The other day my daughter was looking on social media and read somewhere that Paul McCartney had died – no! It’s not true – let’s make sure we’re not advancing any bad rumors here. Sir Paul is NOT dead, likely he’s in fine health.
But my other daughter quickly said, “Yup, things happen in threes. First it was Prince, then Ali, so…” How quickly we are to believe something simply because of the irrational concept that ‘things always happen in threes’.
Why is it that we think this way? Why is the brain so apt to enjoy the comfort of things happening in threes, when there is no rationality for this line of thinking?
As a small number, 3 is an easy recall and so it is processed smoothly. In linguistic lingo this is a concept called cognitive fluency, simply meaning that we like things that are easy to think about – duh! Of course – who wants to think about hard stuff?
It used to be that not so very long ago we could recall a string of 9 things, hence our 9-digit Social Security numbers. But as the times became more complex, with ever more things to remember, our capacity to recall dropped down to 7 things, i.e. phone numbers (back when area codes were all the same for a state and didn’t need to be remembered).

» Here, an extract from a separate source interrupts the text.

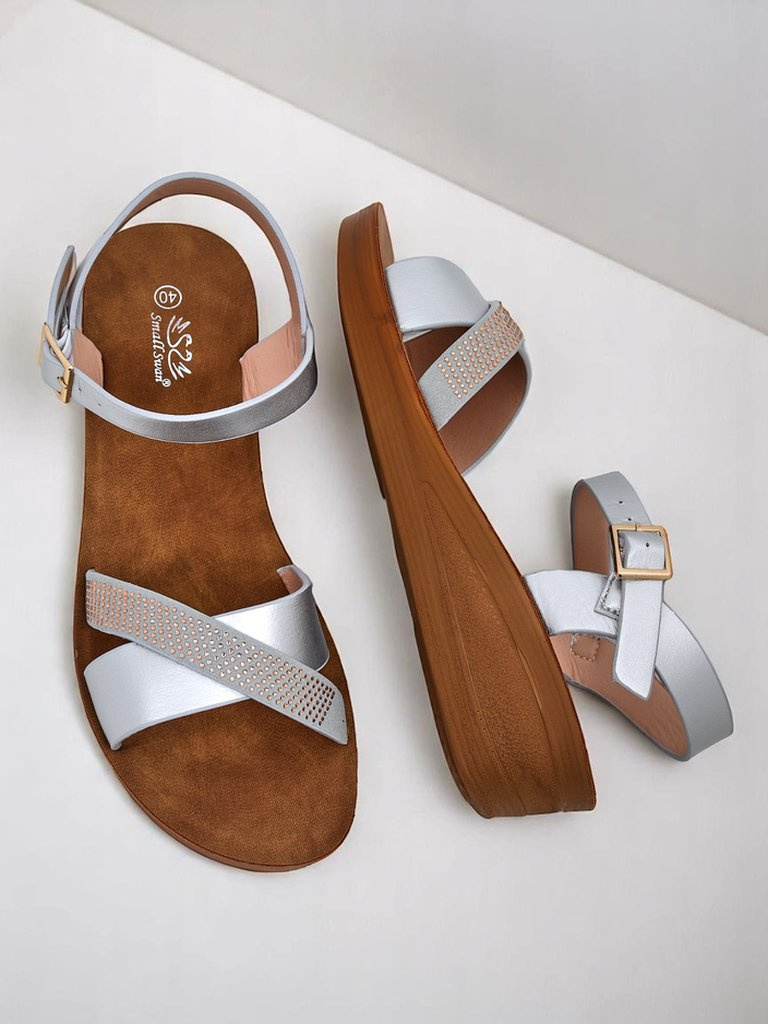 Resti Royal Fashion Women's Rhinestone Wedge Sandals Allona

Then the complexity of the world escalated further and the 7 item recall capacity dropped down to 4-5 things that we could easily hold in short-term memory, which is where we are in today’s uber-data world. Throughout it all, 3 remained unwaveringly easy.
Those 3 little pigs, Goldilocks and that family of 3 bears, 3 Billy goats gruff – our childhood stories and nursery rhymes reinforced the concept of the world built around 3. When you have 3 items – not 2 that feels like something is lacking, or 4 that is starting to strain our memory – then it feels like all is right with the world and things are as they should be.

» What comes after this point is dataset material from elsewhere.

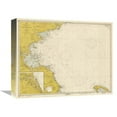 thumbnail image 1 of Global Gallery  16 in. Nautical Chart - Massachusetts Bay CA. 1970 - Sepia Tinted Art Print - NOAA Historical Map & Chart Collection, 1 of 1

So why is this good to know in the world of communication? When you are communicating, if you remember the rule of 3 you will be most effective in your communication. Give 3 reasons to back up your argument; if there are only 2 strong reasons come up with a third. Really. If there are 4 strong reasons, go with the 3 strongest ones, and omit the fourth weakest one.
When describing something list 3 supporting details. Was he tall, dark and handsome? Well he wasn’t short and squat, but maybe he was short, squat and pimply. Get how ‘short and squat’ is just a little too brief and feels like something is missing without the third trait added on?
It’s like the brain is waiting for the third item to process, which is much more comfortable than not having it. And cognitive comfort, fluency, and ease of understanding (see how I came up the third item here, which wasn’t immediately obvious what it would be, but was necessary to have – 3!) leads to a perception of accuracy. When something is smooth and easy to process, it rings to the brain as truer than not. This has no rational basis whatsoever, but there it is nonetheless.
Which is why my daughter was so quick to believe that the recent demise of Paul McCartney was likely true. Logically it makes no sense that one celebrity death would have any bearing on another famous unrelated person’s life, yet something in our brain says “that feels about right”.
This is the concept of closure, pattern completion that the brain strives for constantly. As we try to make sense of the world around us, the brain seeks patterns to gain understanding and put the unfamiliar into the familiar. The pattern of 3 is such a strong one that it literally begs for completion.
The format of “___________, ___________ and ___________” is important to maintain in writing, in all communication, for best effectiveness. Maintain it and you will not only have credibility, but perceived accuracy as well. Ignore the Rule of 3 and your communication will unnecessarily suffer.